The Foot Fist Way A Minor Blip on the Comedy Radar
The Foot Fist Way
Directed by Jody Hill
Written by Hill, Danny McBride, and Ben Best
Paramount Vantage, 2008
If I hadn’t known better, I would have thought this to be a “lost” Wes Anderson film. Anderson and his usual cohorts (such as Owen Wilson) have made a living exploring delusional characters for comic effect. This film, as many of you may know, was an indie looking for a distributor and had a difficult time finding one until the comedy team of Will Ferrell and Adam McKay found it and started trumping it up. This kind of attention leads to the double-edged sword conflict: it gives the film much needed publicity, but it also makes the movie sound greater than it actually is.

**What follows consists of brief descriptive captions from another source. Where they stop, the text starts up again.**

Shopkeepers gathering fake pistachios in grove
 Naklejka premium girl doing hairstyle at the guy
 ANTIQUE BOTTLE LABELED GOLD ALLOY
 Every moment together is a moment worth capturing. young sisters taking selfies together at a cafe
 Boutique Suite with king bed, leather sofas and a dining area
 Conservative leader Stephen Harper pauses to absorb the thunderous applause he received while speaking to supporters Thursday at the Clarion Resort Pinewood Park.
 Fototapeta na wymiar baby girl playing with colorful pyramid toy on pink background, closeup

Those who have watched a bunch of comedies in the past year are familiar with co-writer and star Danny McBride, who stole critical whipping boys The Heartbreak Kid, Hot Rod, and Drillbit Taylor. McBride plays his comedy straight like few actors do. It’s not just acting serious, it’s a sort of monotone with a Southern drawl and absolutely no indicating gestures. He’s a guy who will always be welcome when he arrives onscreen. This is the movie that got him noticed even before it got its release.
In The Foot Fist Way (which is the literal translation of Tae Kwon Do), McBride plays Fred Simmons, a TKD instructor who of course isn’t all that great at what he does. He’s in a bad marriage with Suzie (Mary Jane Bostic), who will soon start cheating on him at her new job. Simmons half-heartedly mentors his students, and steps over the line at times when his personal life is shaky. And one day he hopes to meet Z-list action star Chuck “The Truck” Wallace (co-writer Best), his hero.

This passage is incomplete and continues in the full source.